Prince of Players is a 1955 20th Century Fox biographical film about the 19th century American actor Edwin Booth. The film was directed and produced by Philip Dunne from a screenplay by Moss Hart, based on the book by Eleanor Ruggles. The music score was by Bernard Herrmann and the cinematography by Charles G. Clarke. The film was made in CinemaScope and in DeLuxe Color.

The cast featured Richard Burton, Maggie McNamara and John Derek, along with Raymond Massey, Charles Bickford, Elizabeth Sellars and Eva Le Gallienne.

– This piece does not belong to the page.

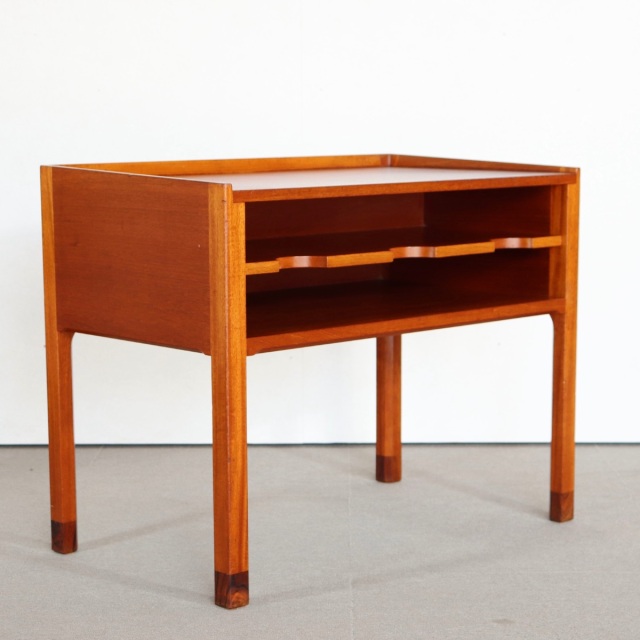 デンマーク製のサイドテーブル。 チーク材の木目が醸す表情が美しい北欧ヴィンテージ。上質な空気を纏う一点。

Edwin "Ned" Booth is the son of the noted thespian Junius Brutus Booth and the older brother of another actor, John Wilkes Booth. Beginning In 1848, as a boy, and into early manhood, he travels with and assists Junius, who is often drunk and seems at times on the brink of madness.

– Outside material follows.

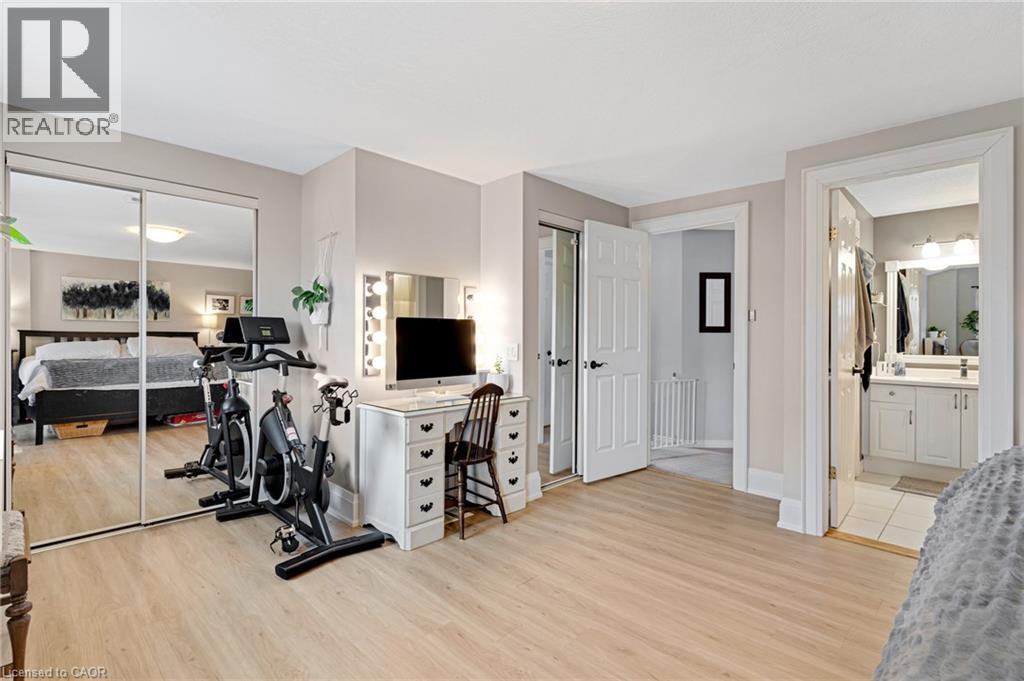 87 MARSTON Crescent - 28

Several years go by. A theater owner, Dave Prescott, eagerly anticipates a Junius performance in San Francisco, but the actor is again unable to perform and decides to leave the theatrical run. Junius hands over his crown – a literal theatrical crown worn during his rendition of Richard III, to Ned, who has memorized his father's lines. Ned's first performance is of Richard III during a show at a mining camp, where the miners, disappointed at first, are ultimately pleased by what they see. Prescott, however, breaks the news shortly after that Junius has died.

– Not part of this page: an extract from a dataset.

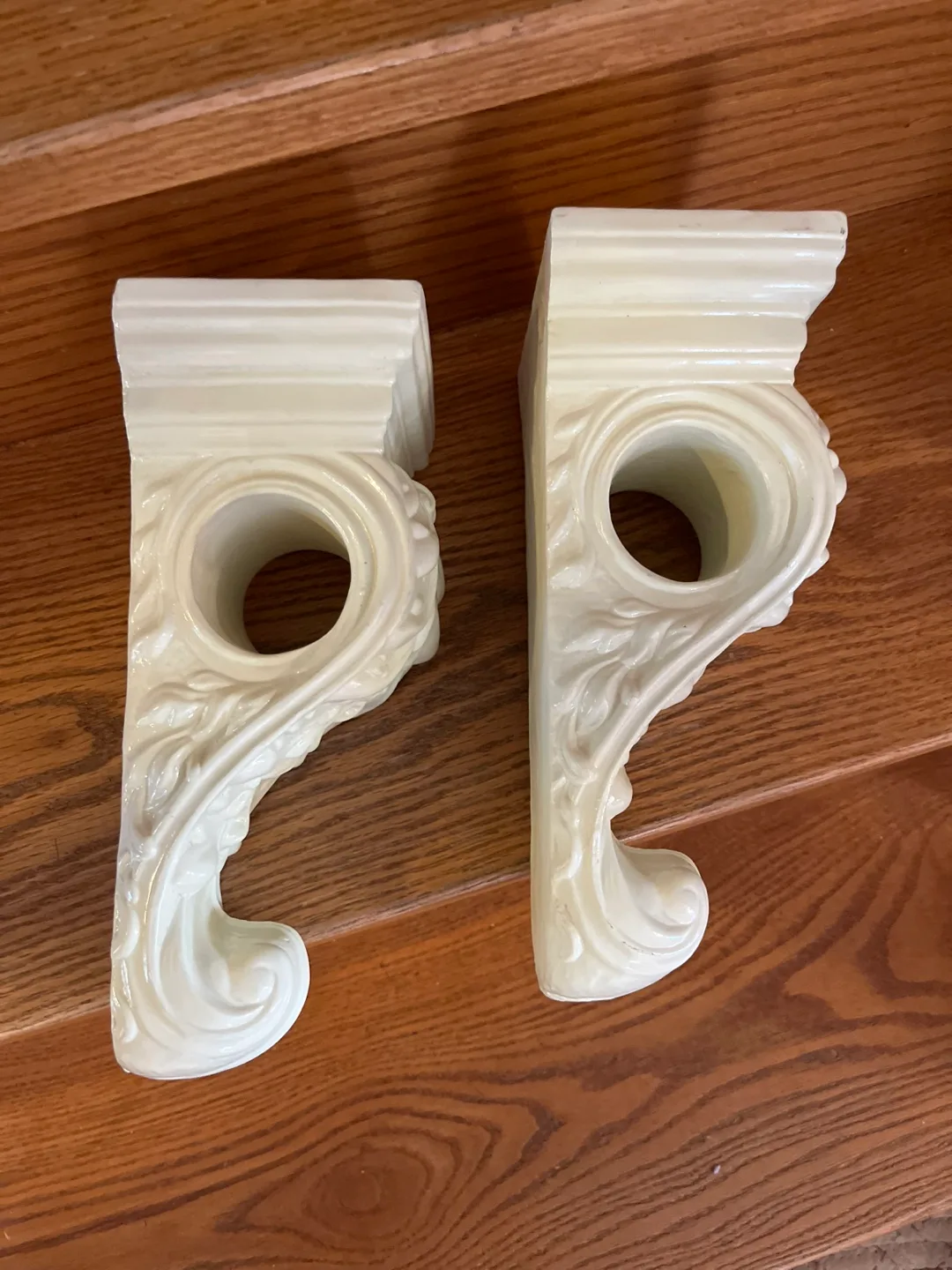 Pair of Ornate White Corbels image indicator(2)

Ned returns east, where John is starring in The Taming of the Shrew to great acclaim at Ford's Theatre in Washington, D.C. Billed as the son and successor to Junius, John is planning a tour and asks Ned if he will be his manager along with their younger sister, Asia Booth. Somewhat contemptuous of his upstart brother's early success as an actor, Ned declines. He tells his younger brother that he hasn't learned the craft the way he, Ned, has by traveling with, hearing the performances, and looking after their father for many years. Ned begins a theater tour of his own with Dave Prescott. He travels to New Orleans, where he meets, then soon marries, Mary Devlin, a member of a theatrical company who plays Juliet Capulet opposite Ned's role as Romeo Montague in a production of Romeo and Juliet.

The Civil War breaks out and John is said to be working steadfastly for the Confederacy's cause. He declines an offer from Ned to go to London together for a production of Hamlet, and when a pregnant Mary falls ill, Ned begins drinking heavily and missing performances.

Mary's death turns Ned morose. Then comes the terrible news one night that John has assassinated President Abraham Lincoln by gunshot at Ford's Theatre. Weeks after the assassination, and his brother's subsequent death on a farm in Virginia, Ned has decided to return to the stage in Hamlet. On opening night the theater is packed by a mob incensed by the murder of President Lincoln and blaming not only the Booths but all actors and theaters in general. One protester says Lincoln "died in the very doorway to hell" because he was murdered in a theater.

Backstage, Dave tells Ned that the show must be canceled. Ned insists that he wants to go on for his profession as well as his family name, remembering that the late Mary once said that acting was his gift, his purpose in life and he must "never be derelict" to that purpose.